Langkah Gubernur Maluku, Hendrik Lewerissa, menggandeng Kesatuan Aksi Mahasiswa Muslim Indonesia (KAMMI) Ambon untuk membangun harmonisasi antarkelompok di tengah masyarakat, patut diapresiasi sekaligus ditelaah secara kritis.
Maluku adalah rumah yang indah, kaya dengan laut, rempah, dan warisan budaya yang memukau. Namun sejarahnya juga merekam luka: konflik sosial yang pernah mencabik jalinan persaudaraan. Hingga kini, sisa-sisa keretakan itu masih terasa, terutama dalam wajah ketidakpercayaan, sekat sosial, dan rapuhnya kohesi antarwarga.
Di sinilah letak urgensi langkah gubernur. Infrastruktur dan pertumbuhan ekonomi tidak akan berarti jika fondasi sosial tetap retak. Jalan raya, pelabuhan, atau bandara akan berumur pendek bila masyarakat tidak hidup dalam suasana damai. Karena itu, menjadikan mahasiswa sebagai mitra strategis dalam merawat harmoni adalah pilihan tepat.

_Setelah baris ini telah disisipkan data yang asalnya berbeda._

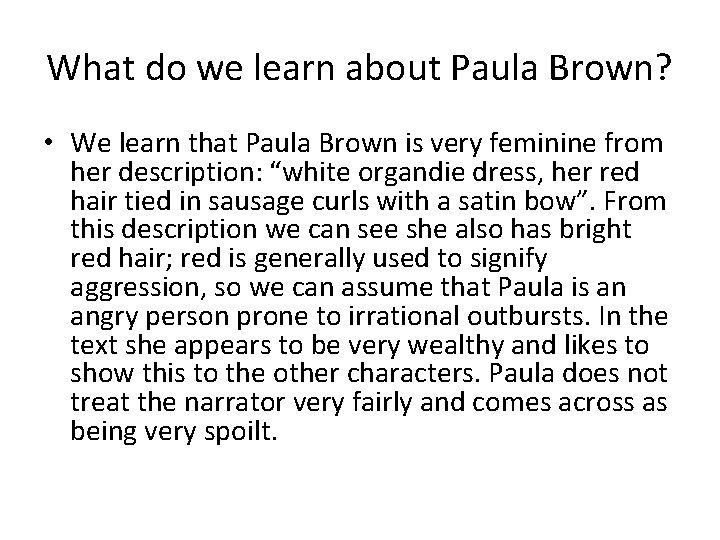 What do we learn about Paula Brown? • We learn that Paula Brown is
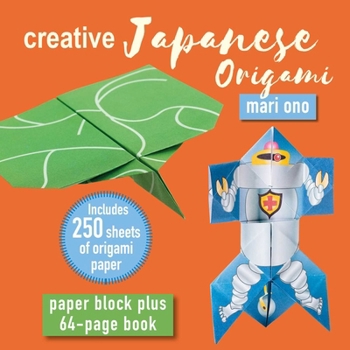 Paperback Creative Japanese Origami: Paper Block Plus 64-Page Book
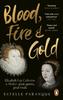 Cartea Blood, Fire and Gold : The Story of Elizabeth I and Catherine De Medici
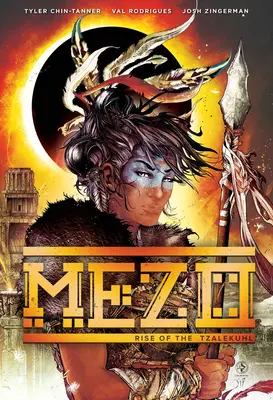 Mezo Vol 1: Vzestup Tzalekuhlu - Mezo Vol 1: Rise of the Tzalekuhl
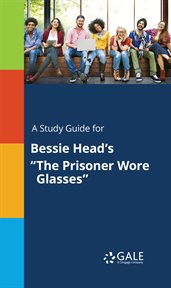 A study guide for bessie head's "the prisoner wore glasses" cover image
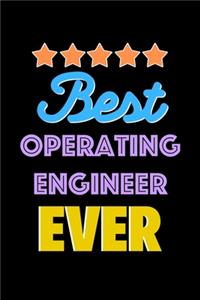 Best Operating Engineer Evers Notebook - Operating Engineer Funny Gift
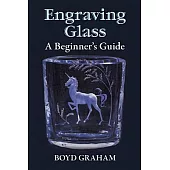 Engraving Glass: A Beginner’s Guide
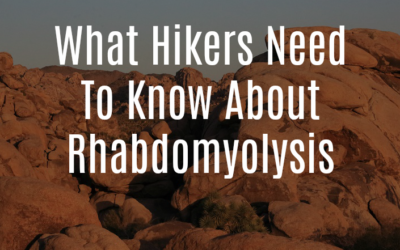 What Hikers Need To Know About Rhabdomyolysis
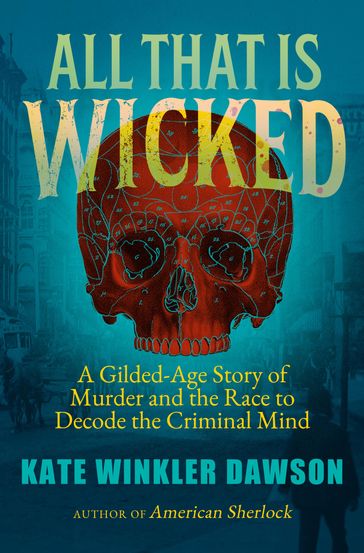 All That is Wicked - Kate Winkler Dawson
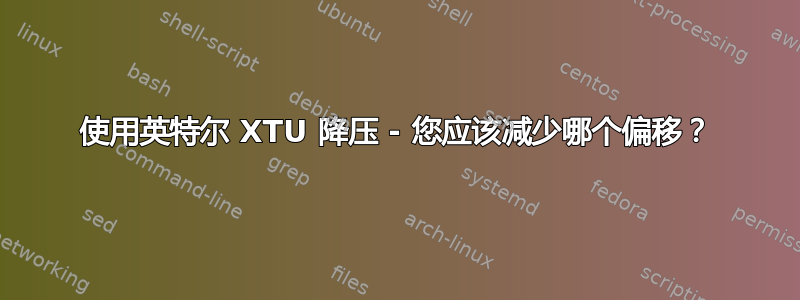 使用英特尔 XTU 降压 - 您应该减少哪个偏移？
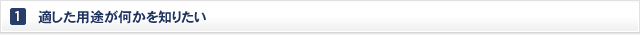 1. 適した用途が何かを知りたい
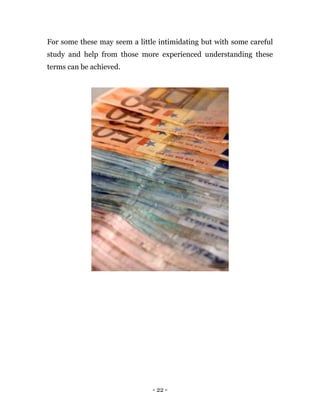 - 22 -
For some these may seem a little intimidating but with some careful
study and help from those more experienced understanding these
terms can be achieved.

KAMMI, dengan semangat mudanya, memiliki energi besar untuk melampaui sekat ideologis dan golongan. Organisasi ini bisa menjadi katalis yang menjembatani generasi muda, pemerintah, dan masyarakat, agar bergerak bersama dalam pembangunan. Lebih dari sekadar wacana, harapan gubernur jelas: KAMMI harus menghadirkan program konkret yang menyentuh langsung denyut nadi rakyat, terutama pada sektor pariwisata dan ekonomi kreatif.
Namun, apresiasi tidak boleh membuat kita terlena. Tantangan sesungguhnya terletak pada konsistensi dan kesungguhan. Mahasiswa tidak boleh terjebak pada seremoni pelantikan atau jargon harmonisasi, tetapi harus membumikan gagasan dalam aksi nyata—misalnya dengan mengembangkan wisata berbasis komunitas, melatih kewirausahaan lokal, atau membangun forum dialog lintas kelompok. Pemerintah pun dituntut memberikan ruang yang sehat, bukan sekadar simbolik, agar energi muda itu tidak layu sebelum berkembang.
Keharmonisan sosial bukan proyek instan. Ia adalah proses panjang yang menuntut ketekunan, kejujuran, dan keadilan. Bila langkah awal ini dirawat dengan baik, kolaborasi pemerintah dan mahasiswa dapat menjadi fondasi baru untuk Maluku yang damai dan sejahtera.
Karena itu, membangun Maluku bukan hanya soal menambal jalan atau menambah kapal feri, tetapi juga soal menambal hati yang retak dan merajut kembali jalinan persaudaraan. Di titik inilah, harmonisasi antarkelompok menjadi syarat utama agar pembangunan ekonomi benar-benar membawa manfaat bagi semua.